WORK ITEM: Would you please copy all of the data exactly, skipping the images?

PROVIDED MATERIAL:

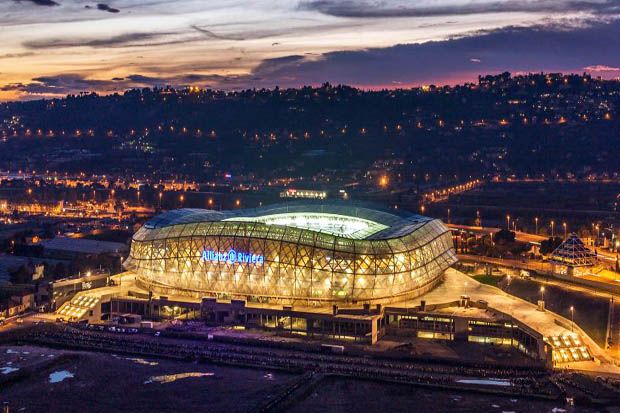 Stadion di Kota Wisata...
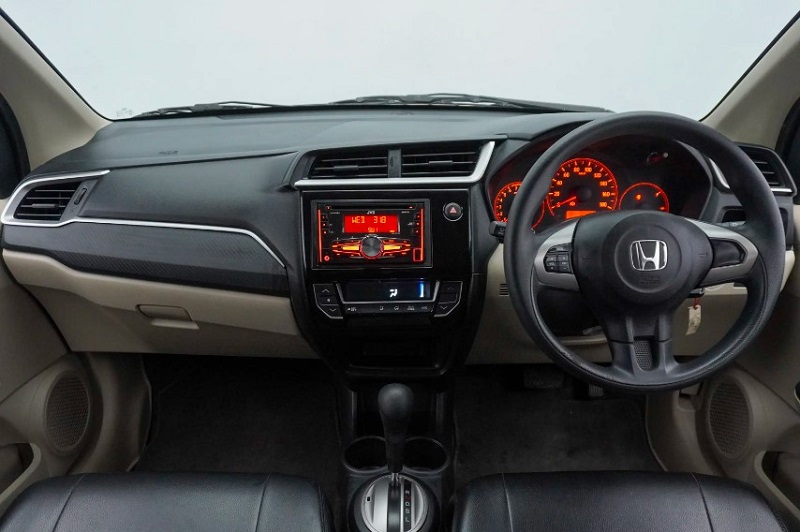Honda-Brio-Bekas-CARSOME-4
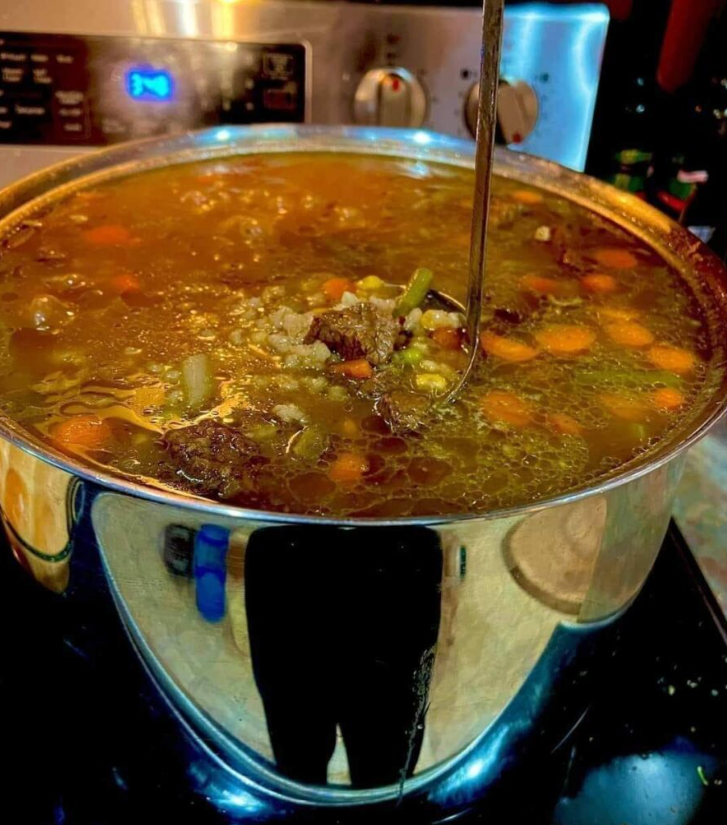 Przepis na aromatyczny gulasz wołowy z warzywami – Pyszny i sycący obiad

TASK SOLUTION:
 Stadion di Kota Wisata...
Honda-Brio-Bekas-CARSOME-4
 Przepis na aromatyczny gulasz wołowy z warzywami – Pyszny i sycący obiad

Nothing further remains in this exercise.